Wednesday, February 2, 2011

First Printmaking Experience

Beware. I am singing in this video. And the "song" might get stuck in your head. I make up songs for my preschoolers that help them remember small concepts.



Note, the first person singing the tune in the video isn't me. I'm just joining in.

My preschoolers are doing their second printing lesson with me and I am trying to get them to remember that a print is a copy.

To do this lesson you need this:

and this:



I got the idea from The Crafty Crow blog who got it from the Daisy Yellow blog. The kids loved it and left the room singing.

preschool art

Drug Out by Dragons

Looking at my photo disk, I am surprised to see so many dragon photos. There are more dragon lessons that I did not even photograph. Chinese New Year coincided with the third grade study of China this year so there were lots of opportunities for the dragon as subject matter.

Preschoolers made Chinese dragon masks, which all together looked like one big dragon costume.

Third graders made Chinese brush paintings of dragons and foil repousse dragons, for which I have no photos. Ugh.

This dragon puppet was a "door knob lesson." (That means you think of the lesson as you are shutting the door after they arrive.) I had a lesson prepared other than this, but when 3/4 of the class was missing because of testing, I had to think of something fast. This was it.


Art Club kids made clay animals and many chose dragons.



Kindergarten dragons. (Those red tree-like things are firecrackers.)






A third grade teacher asked me to help her think of something she could hang in the hall outside of her classroom. Since they were studying Ancient China, I had her kids work in groups to create dragon murals. These are 5' - 6' long. I suggested that she cut these off of the background and mount them on another paper, or paint the background.






I think I am "dragoned" out now.

Tiny Sculptors and Weavers

Though my school system provides wonderful lesson plans for grades K - 12, we have none for preschool. Our preschools are federally funded programs that happen to be in our buildings.
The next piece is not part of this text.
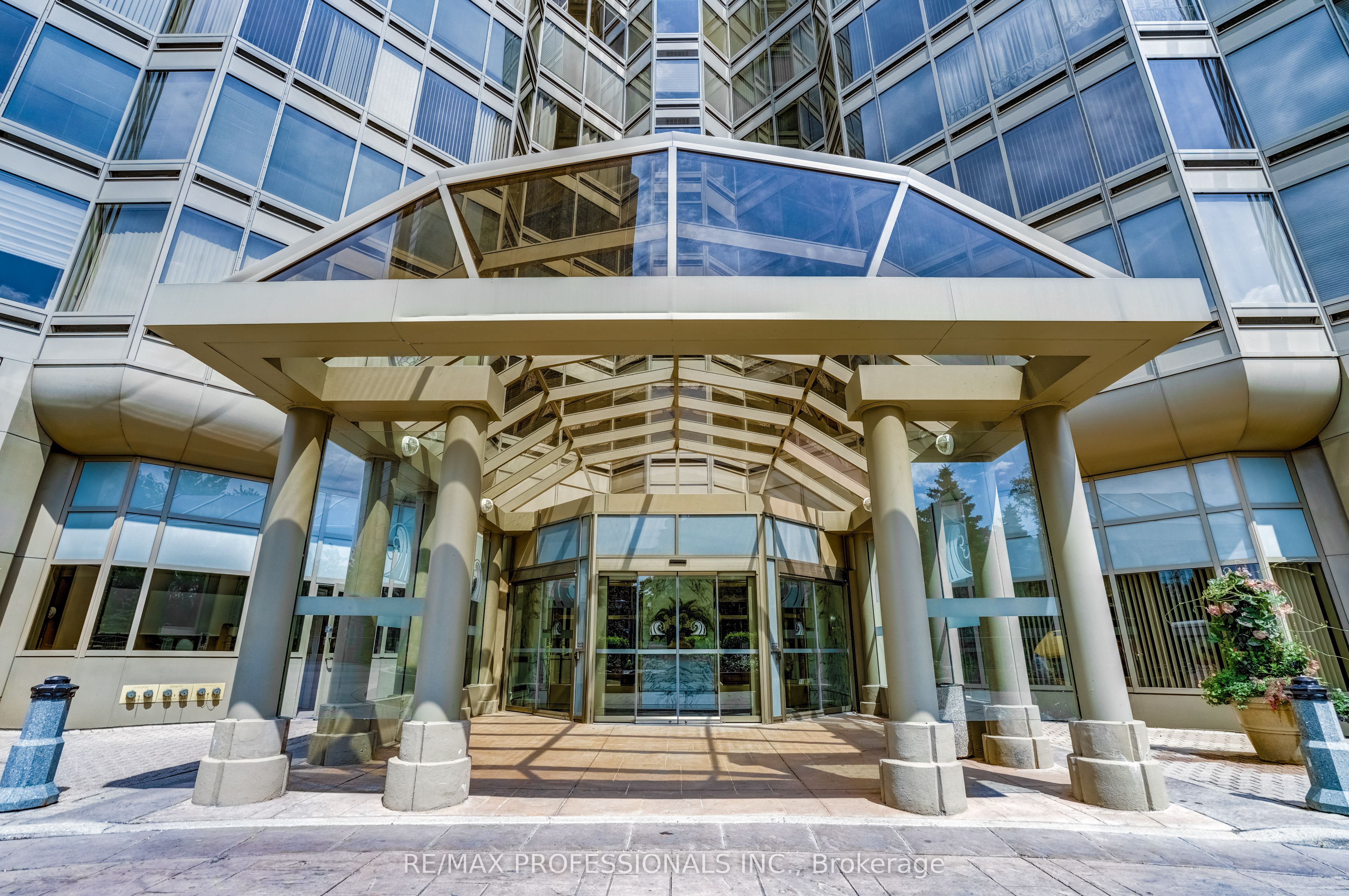 MLS #W12469523 image #4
The extras that those programs get, such as music, art and p.e., are at the discretion of the school principals. So I teach whatever I think is appropriate for our tiniest students. The freedom to try my own ideas is appealing. Sometimes I feel as though I am just flying by the seat of my pants though.
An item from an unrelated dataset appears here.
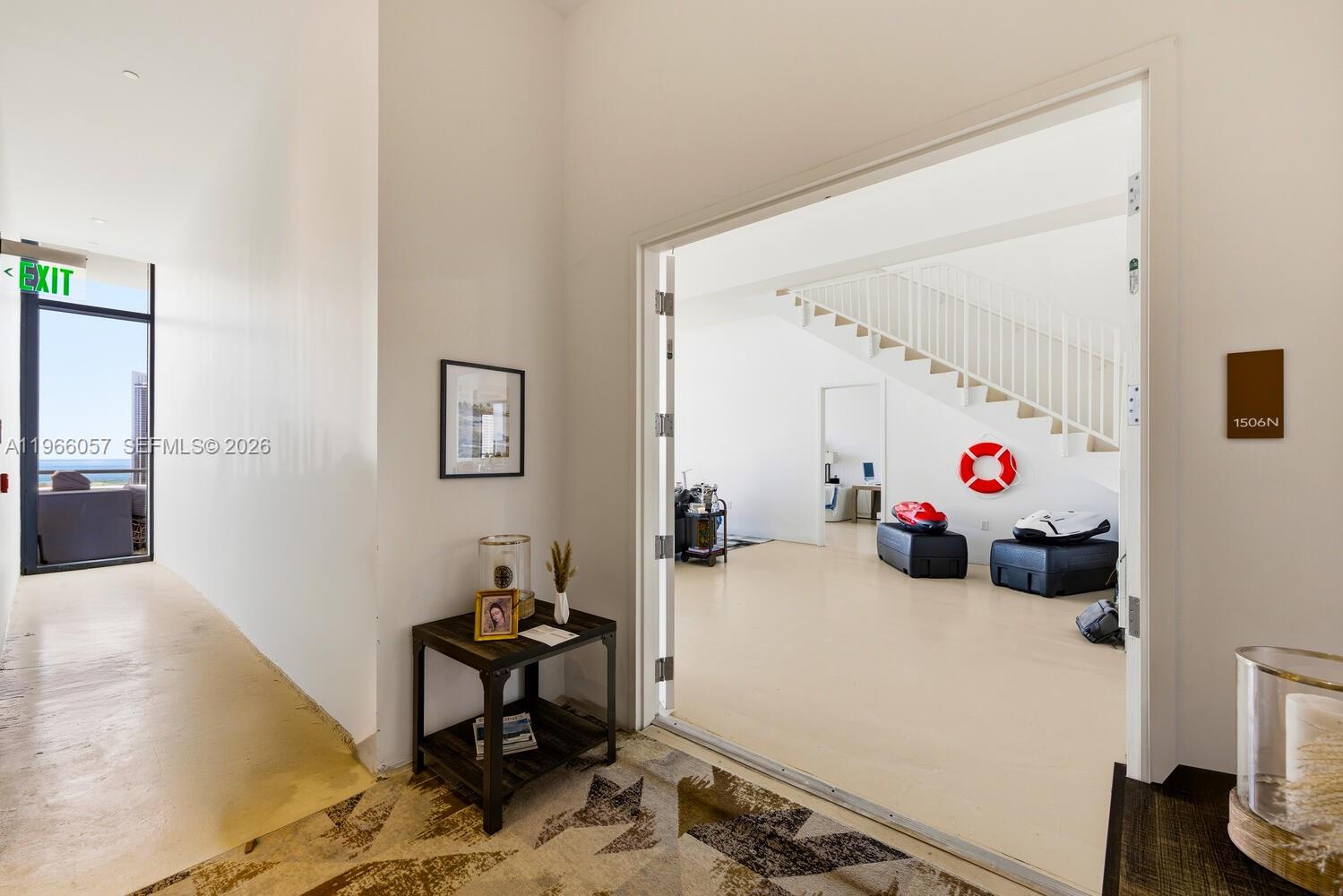 PRIVE CONDO - Residential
I love doing sculpture with them. Kids, in general, don't get a lot of opportunity to use their hands and build in any way, so they really focus in when they get to work three dimensionally. I find that same thing in all grades. Sculpture, clay, and fiber lessons are big hits with the kids.


In this lesson, the kiddies were making sculptures with egg crates, cardboard tubes, and boxes. This group is very young, and as far as I could tell, the sculptures were all non-objective. They seemed to enjoy putting the objects together in any way that pleased them.

Sometimes, when trying to brainstorm what media to present to preschool, I use the ideas that the "big kids" are working on. The uppergrades are doing fiber arts right now. Fifth graders are weaving.


So I made tiny looms for the preschoolers and let them experiment with them.


I didn't give a lot of direction, rather, I let them try things on their own.


This wasn't the greatest lesson, but the kids were engaged. I'll have to figure out a way to build upon that next week.

First Exploration with Block Tempera

I love preschool lessons.   Here they explored markmaking with block tempera for the first time.

Paintbrush Song

A preschool teacher just appeared at my door asking if I minded her teaching the kids my "Happy Paintbrush" song.  I forgot I even made up that song.  I need to collect these things!

If you're teaching preschool or even kindergarten, you might sing this ditty to keep those brushes from the dreaded "pencil hold."

Sing to the tune of London Bridges…and demo the position a "happy paintbrush" would take...

Happy paint brush stands straight up
Stands straight up
Stands straight up

Happy paint brush stands straight up.
All day long.  

This song will make you nuts….haunt you in your dreams….but the kids love it.

The Skeleton Dance

If there is time left over at the end of class, I play short videos. This is one I played around Halloween. They LOVED this one.

Following the Leader - Peter Pan (1953)

Following the Leader - Peter Pan (1953)

I sing the chorus of this song as the children enter the art room. They follow behind me in line, doing whatever I do, as I lead them to the place I want them to sit.